People ponder how they will be remembered. Brooks notes that it doesn’t matter—people will forget you, and they move on. It’s pointless. In addition, to be “obsessing over the future squanders the present” [102]. He suggests a focus, not on ephemeral “resume virtues,” but on lasting “eulogy virtues” [102]. A related concept is “mindfulness” – living in the present as opposed to the past or the future [104].

How to be happy today? He cites a study that concludes with seven predictors of being happy:

  1. Don’t smoke
  2. Don’t abuse alcohol
  3. Healthy body weight
  4. Exercise
  5. Adaptive coping style
  6. Education
  7. Stable, long-term relationships [116-7]

With respect to the last point, how many relationships and how often? He clarifies that “loneliness is not the same as being alone….one can be emotionally and socially connected to others while alone. In fact, being alone is critical to one’s emotional well-being and peace of mind” [118]. What is loneliness? Brooks suggests that “loneliness is the experience of emotional and social isolation” [118].

It is a challenge. “Leaders are particularly prone to loneliness, in no small part because real friendships at work are difficult or impossible with people under one’s authority and supervision” [122]. What about other relationships? Brooks deals with core relationships, such as marriage. “The secret to happiness isn’t falling in love; it’s staying in love;” this is "companionate love" [125].

He says that “marriage bonds are more emotionally important to men as they age than they are to older women because, for many men, work has crowded out friendships, and those they have are more focused on, say, golf than feelings” [128]. Perhaps adult children can fill the gap? Brooks says that for him adult kids should not be your best friends as you age - “they are focused on their lives, not mine—as they should be” [129]. They want and need their independence.

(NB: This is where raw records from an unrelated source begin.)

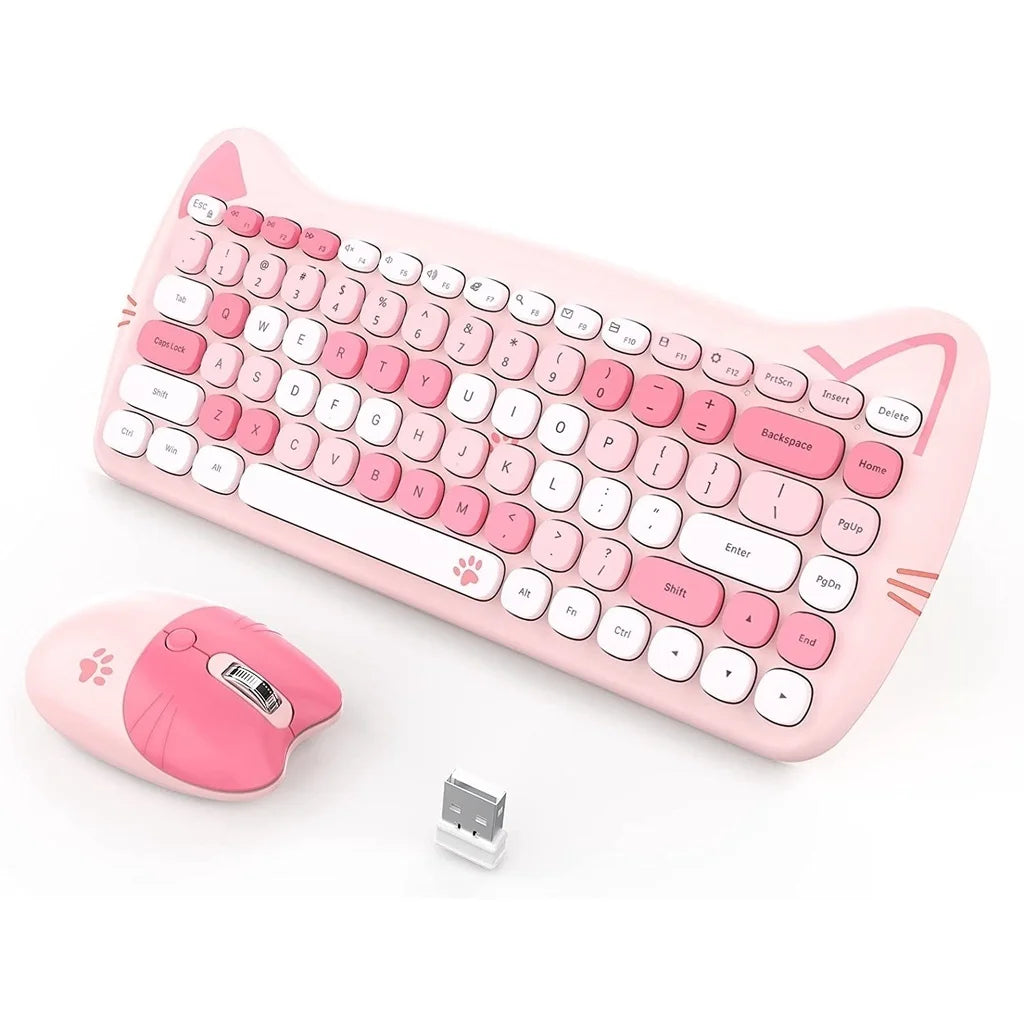 Cat-Shaped Wireless Keyboard & Mouse – 2.4G, Bilingual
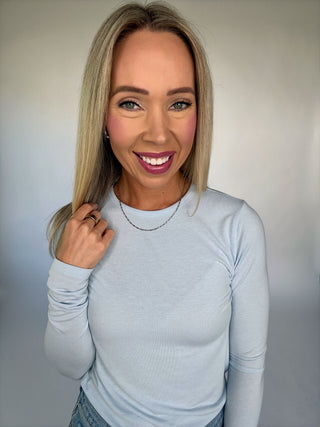 Simply Stated Long Sleeve Top - Ice Blue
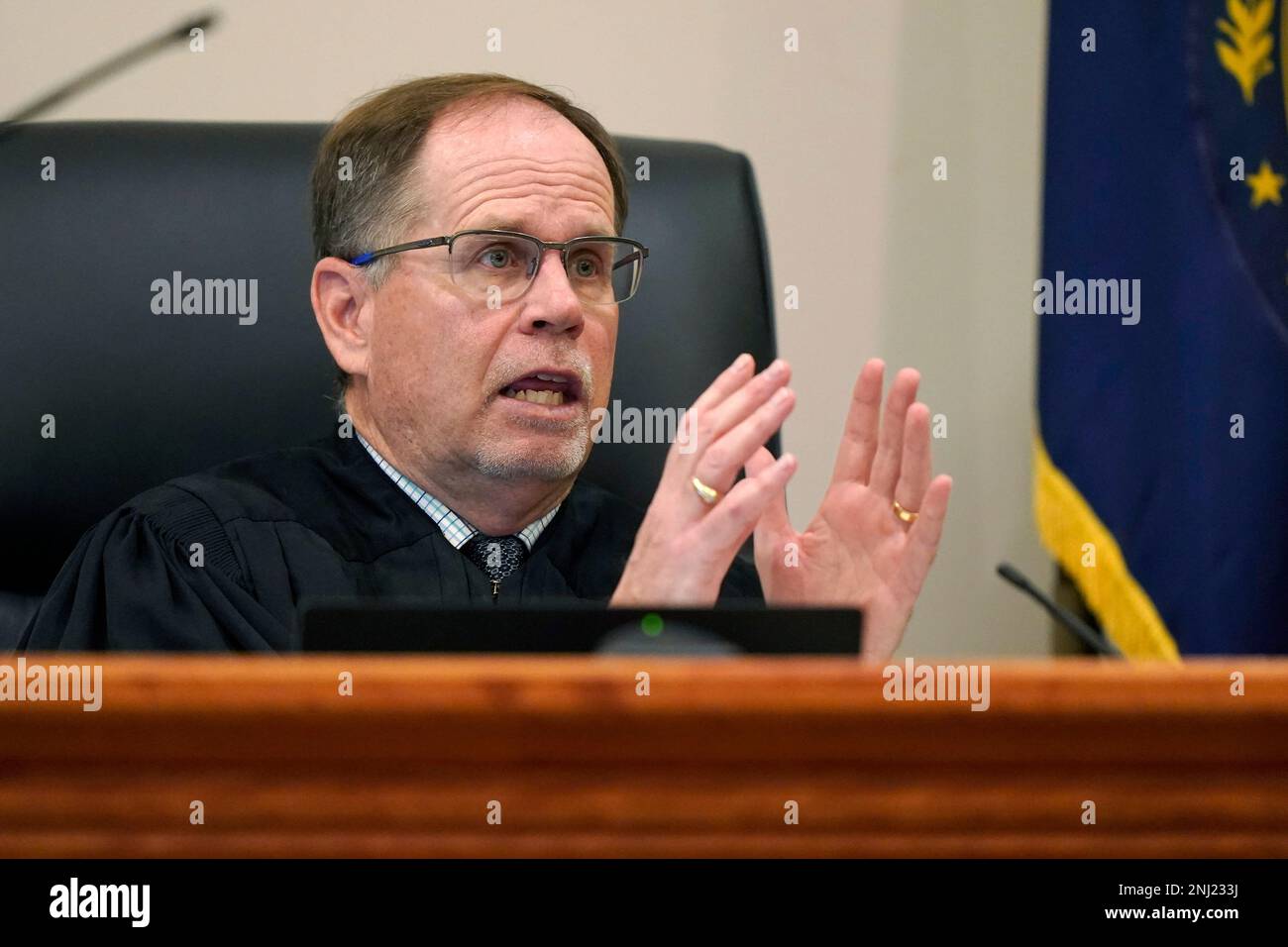 Judge Charles Temple addresses the court during a hearing for Danielle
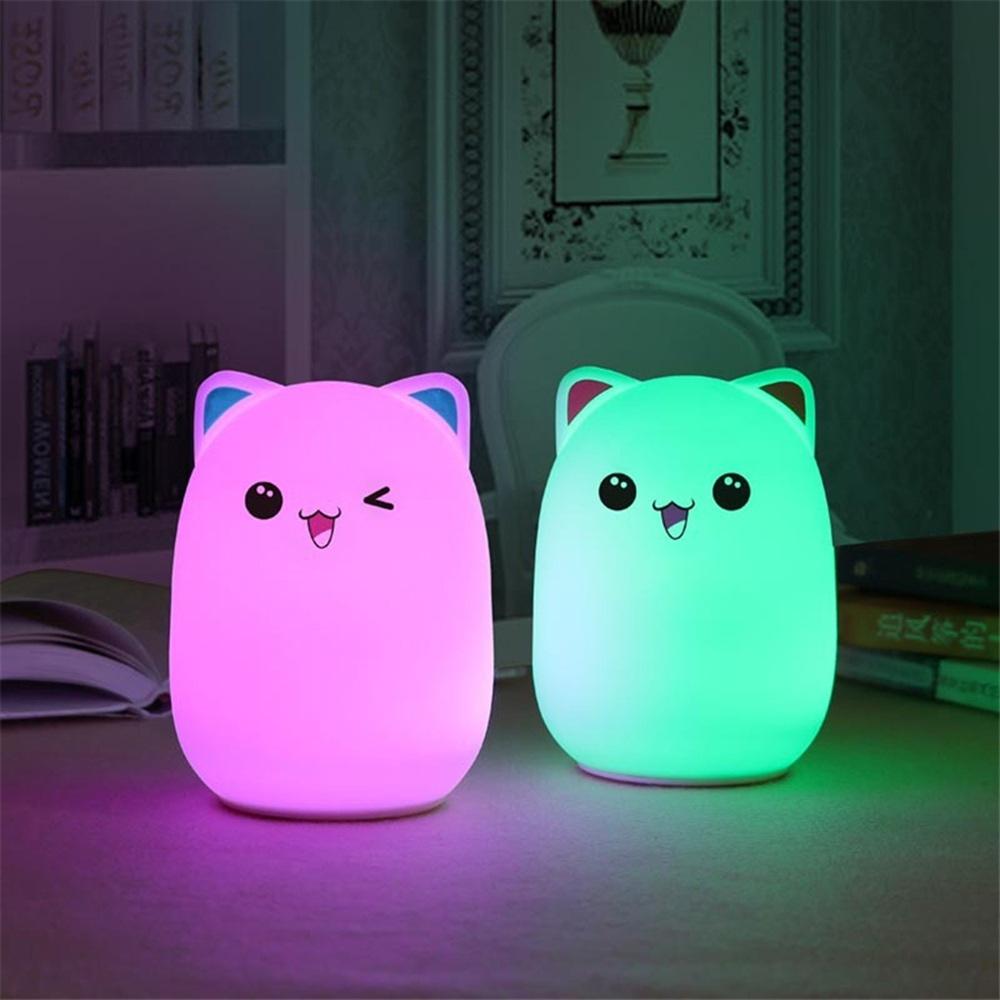 Rechargeable Cat Night Light Silicone LED Lamp With Color Changing Glow For Kids Bedrooms 6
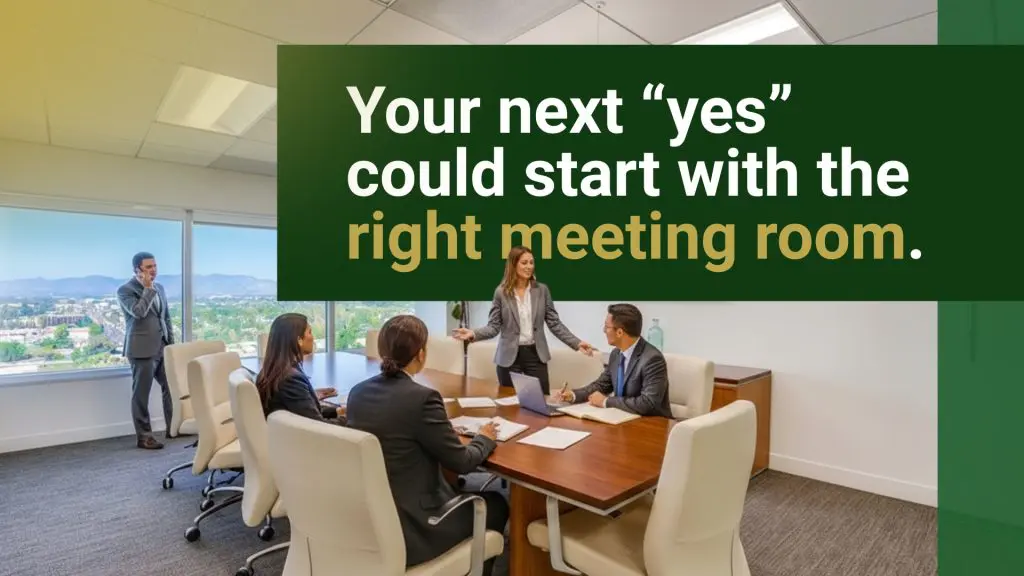 Barrister Suites Office Lease A group of five professionals meet in a bright conference room with large windows. Text overlay says, “Your next ‘yes’ could start with the right meeting room.”.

What about friends through work? He distinguishes “real friends” and “deal friends.” One great marker for the happiness of people in mid-life and after is to have a few authentic, close friends. This is not easy as “people tend to get more selective about their friends as they age and reduce the number of true intimates” [132]. Friendship is a skill that requires practice, time, and commitment [133]. Work friendships are not a substitute for real friendships.

There are three aspects to how to build relationships. First, allocate time well ahead of time. Second, do your core job. Brooks explains that “I regularly write out a list of the people with whom I need a stronger relationship. Then I list next to them what they need from me that only I can provide” [139]. Lastly, invest intelligently. Am I investing in the lives of others to build them up?

His approach to friends, life, happiness, and purpose is rooted in his values. He states his own starting point: “I am a Roman Catholic convert, having come into the church as a teenager after being raised in an observant Protestant home. My Christian faith was central to my parents’ lives and it is central to my life as well, even though I practice it in a different way than they did” [156].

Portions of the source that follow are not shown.